As with most pteridosperms, fragments of the foliage are the most commonly found fossilised remains of the Lyginopteridales. When found complete, the fronds always seem to have a main rachis that dichotomises in the lower (proximal) part. In some cases, the two branches each underwent a second dichotomy, resulting in what is termed a quadripartite frond, but in others there is just the main proximal dichotomy, resulting in a bipartite frond. The branches produced by these dichotomies then undergo further divisions in a pinnate manner similar to that seen in fern fronds. The ultimate segments (pinnules) of the fronds are mostly lobate or digitate.

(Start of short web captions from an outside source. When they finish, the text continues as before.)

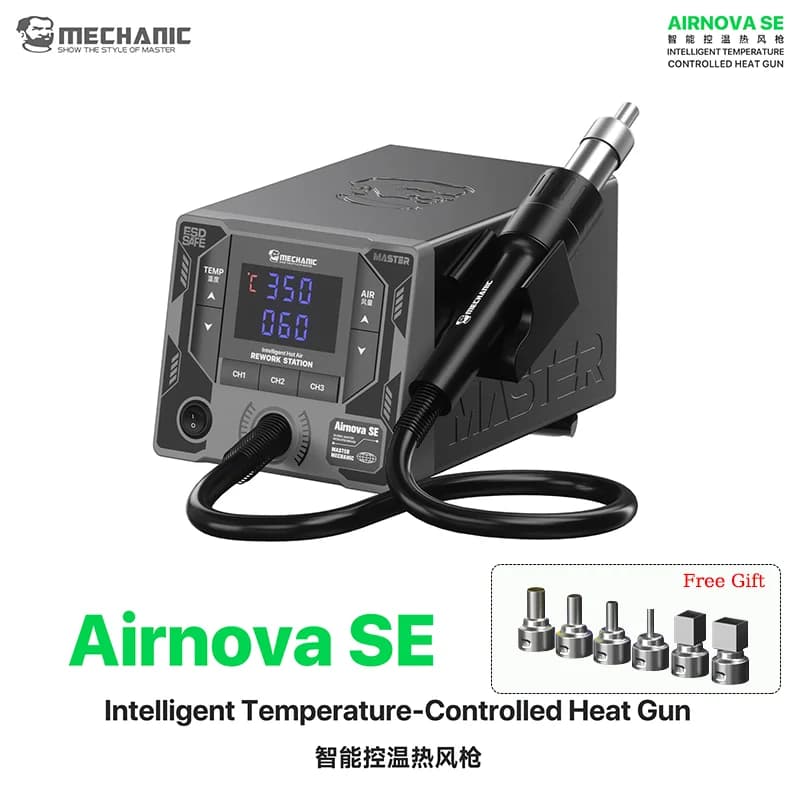 Pistola ad Aria Calda MECHANIC OFFICIAL AirNova SE con Controllo Intelligente della Temperatura, Strumento per Riparazione di Telefoni, BGA, IC, PCB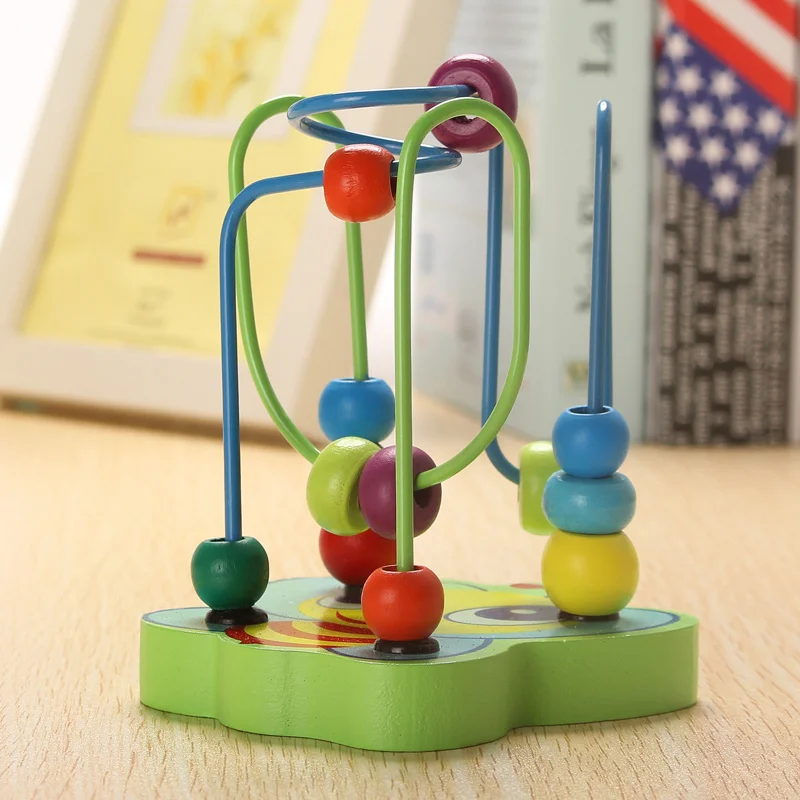 Counting Round Bead Wire Maze Roller Coaster Wooden early Educational Toy for Baby Kids Chilrden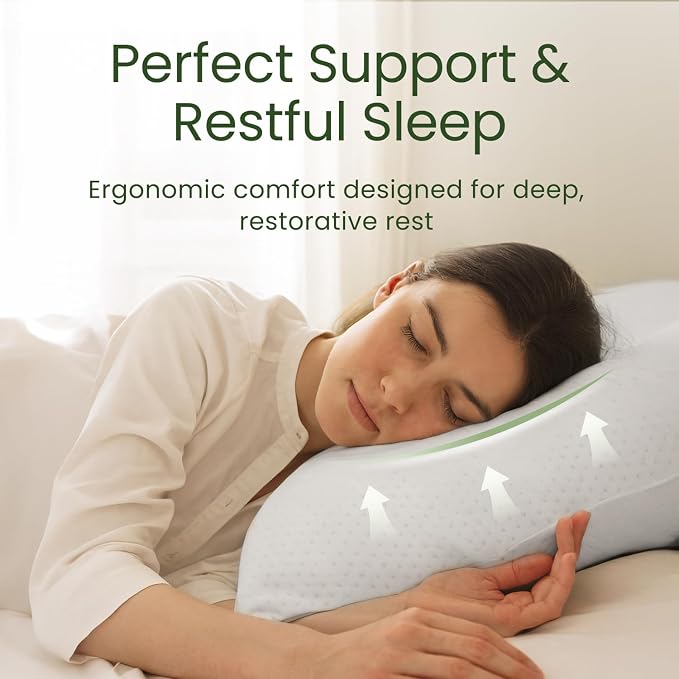 Memory Foam Pillows Queen Size Set of 2 - Image 3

Various fossil genera are recognised for these fronds, distinguished on whether the frond was bipartite or quadripartite, whether there were pinnae attached to the main rachis below the main dichotomy, the general shape of the pinnules, and the surface markings on the rachises and stem reflecting the sclerotic tissue in the cortex.

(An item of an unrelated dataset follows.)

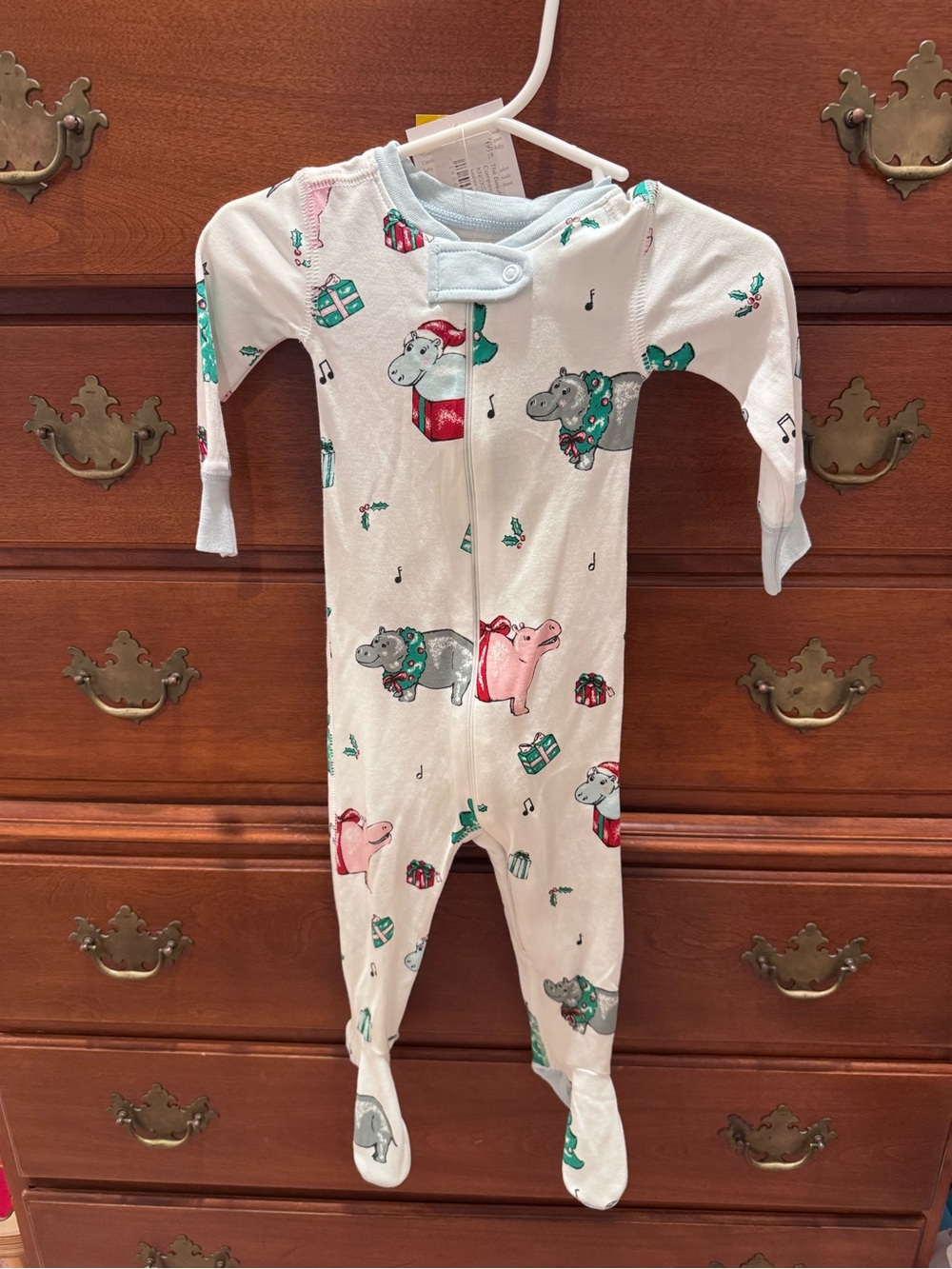 Kids White Holiday Hippo Print One-Piece Footed Pajamas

| Genus | Cortical sclerotic tissue in rachises | Pinnae below main dichotomy of rachis | Division of main rachis | Pinnule form |
|---|---|---|---|---|
| Lyginopteris | Anastomosed | Yes | Bipartite | Small, angular or rounded lobes |
| Eusphenopteris | Transverse | Yes | Bipartite | Robust, rounded lobes |
| Diplothmema | Transverse | No | Bipartite | Robust, digitate lobes |
| Palmatopteris | Transverse | Yes | Quadripartite | Robust, ± digitate lobes |
| Karinopteris | Transverse | Yes | Bipartite | Robust, shallow rounded or angular lobes |
| Mariopteris | Transverse | Yes | Quadripartite | Robust, shallow rounded lobes |

==Classification==
There is no consensus on the division of the Lyginopteridales into families, either in terms of whole organisms or as fossil families of particular plant organs. The most recent scheme, by Anderson et al. (2007) recognized 5 families based on ovulate structures. Some authors also recognise the Mariopteridaceae for the distinctive group of Pennsylvanian-aged lianescent plants with Mariopteris fronds, although details of their reproductive structures are unknown.